A metabolic profiling analysis of the nephrotoxicity of acyclovir in rats using ultra performance liquid chromatography/mass spectrometry

•Our metabonomics analysis provided an approach for elucidating ACV induced nephrotoxicity.•ACV can induce nephrotoxicity within a certain range of treating time and dose.•We found multiple metabolites related to renal injury.•Findings found that guanine is one of ACV’s metabolic products related to ACV induced nephrotoxicity.

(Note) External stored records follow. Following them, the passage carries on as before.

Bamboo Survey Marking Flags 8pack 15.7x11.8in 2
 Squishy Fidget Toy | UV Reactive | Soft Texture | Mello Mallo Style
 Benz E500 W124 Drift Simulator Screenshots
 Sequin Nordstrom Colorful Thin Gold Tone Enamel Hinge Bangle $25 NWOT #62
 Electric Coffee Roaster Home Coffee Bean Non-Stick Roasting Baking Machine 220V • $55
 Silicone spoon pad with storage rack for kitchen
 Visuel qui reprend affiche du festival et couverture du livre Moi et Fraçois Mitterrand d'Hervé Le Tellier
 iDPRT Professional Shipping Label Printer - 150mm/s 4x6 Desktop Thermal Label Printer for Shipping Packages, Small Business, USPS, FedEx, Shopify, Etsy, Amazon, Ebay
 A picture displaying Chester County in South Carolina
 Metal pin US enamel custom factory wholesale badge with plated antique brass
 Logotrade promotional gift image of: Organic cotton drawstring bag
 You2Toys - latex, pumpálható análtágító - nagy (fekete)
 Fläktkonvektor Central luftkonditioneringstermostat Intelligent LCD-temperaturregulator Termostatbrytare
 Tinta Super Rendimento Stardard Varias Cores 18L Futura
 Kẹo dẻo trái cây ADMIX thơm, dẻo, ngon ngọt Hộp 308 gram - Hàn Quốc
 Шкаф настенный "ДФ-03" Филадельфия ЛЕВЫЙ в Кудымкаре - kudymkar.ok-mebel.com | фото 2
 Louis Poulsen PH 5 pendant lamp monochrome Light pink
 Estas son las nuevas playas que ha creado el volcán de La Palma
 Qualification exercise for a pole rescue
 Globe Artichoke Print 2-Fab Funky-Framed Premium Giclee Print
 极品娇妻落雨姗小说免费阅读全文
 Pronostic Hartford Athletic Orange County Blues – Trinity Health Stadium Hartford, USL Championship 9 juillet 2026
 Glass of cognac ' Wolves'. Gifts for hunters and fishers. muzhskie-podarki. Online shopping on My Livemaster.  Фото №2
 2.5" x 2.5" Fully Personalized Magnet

Acyclovir (ACV) exposure is a common cause of acute kidney injury (AKI). The toxicity mechanism of ACV has always been a matter of debate. The present study investigated into the time-effect relationship and dose-effect relationship of ACV-induced nephrotoxicity in rats using metabonomics. Twenty-four rats were randomly divided into four groups: a 0.9% NaCl solution group, and 100, 300, and 600 mg/kg ACV-treated groups; the ACV or vehicle solution was administered with a single intravenous injection. Urine was collected at different time periods (12 h before administration, and 0–6 h, 7–12 h, and 13–24 h after administration). Routine urinalysis was conducted by a urine automatic analyzer. Renal markers, including urine urea nitrogen, urine creatinine, and urinary N-acetyl-β-d-glucosaminidase (NAG) activity, were determined using established protocols. Urinary metabolites were evaluated using ultra performance liquid chromatography/mass spectrometry (UPLC/MS). In the ACV-treated rats, increased levels of protein (PRO), occult blood (BLD), white blood cell (WBC), and NAG activity in urine were observed, while the urine creatinine and urea nitrogen levels showed a decrease compared with the control. Moreover, urine metabolites significantly changed after the treatment with ACV, and all the effects induced by ACV were dose–time dependent. Finally, 4 metabolites (guanine, 4-guanidinobutyric acid, creatinine, and urea) were identified, which can be used for further research on the mechanism of ACV-induced nephrotoxicity.